# Hello From Pine Island



## Old Corky (Dec 4, 2008)

Hello Brothers, glad I found the Forum. I am John "Corky" Daut P.M. and Secretary of Waller Lodge #808.

I am 80 and most of my exercise is Masonic web sites and attending Lodge. My latest project is Small Town Texas Masons E-Magazine. Each issue features a small town Texas Masonic Lodge, Texas Masonic History, Masonic world news and history every month. 

The first 3 bi-monthly issues currently on the web site have featured Waller, Hempstead and Chalk Mountain Lodges. Starting with the January issue, the magazine will be issued monthly. The January issue will feature Post Oak Island Lodge #181 A.F. & A.M. In Beaukiss, Texas.
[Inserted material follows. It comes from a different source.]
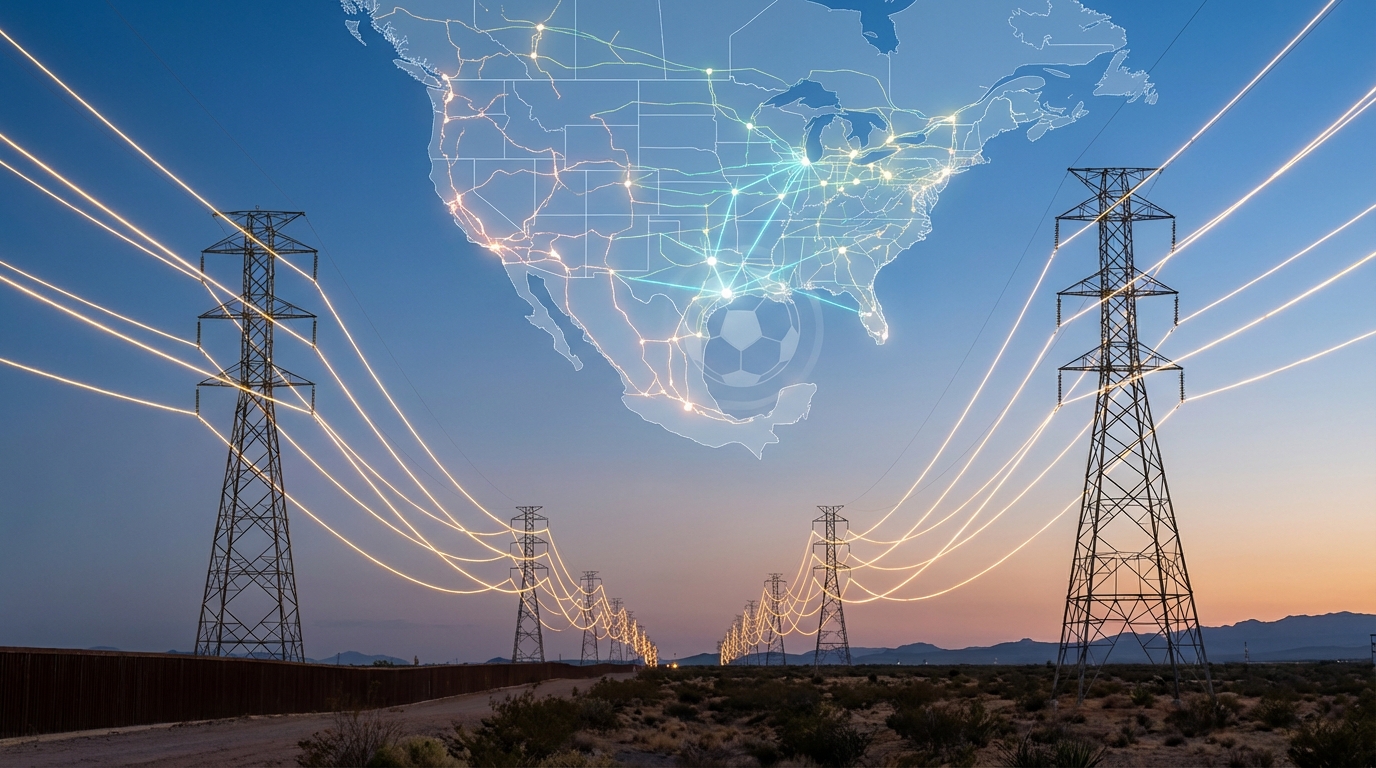 México fortalece coordinación energética transfronteriza para Mundial 2026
It is located at,
http://www.mastermason.com/STTM-Emag/

Corky


----------



## RJS (Dec 4, 2008)

Howdy Corky!  I know your website (Small Town Texas Mason) I enjoyed it.  Welcome to the forum.


----------



## JTM (Dec 4, 2008)

good work, Corky.

for the brothers' reference, the e-magazine can be found on blogspot:

http://smalltowntexasmasons.blogspot.com/


----------



## cmoreno85tx (Dec 4, 2008)

Welcome Brother Corky !! Great Site


----------



## Blake Bowden (Dec 4, 2008)

Welcome Brother!


----------



## TCShelton (Dec 5, 2008)

Welcome aboard.  Very nice website.


----------



## TexMass (Dec 5, 2008)

I've seen that web site too.  Great job!


----------



## Joey (Dec 5, 2008)

TexMass said:


> I've seen that web site too.  Great job!



Welcome to the forums Brother.... We're glad to have you!


----------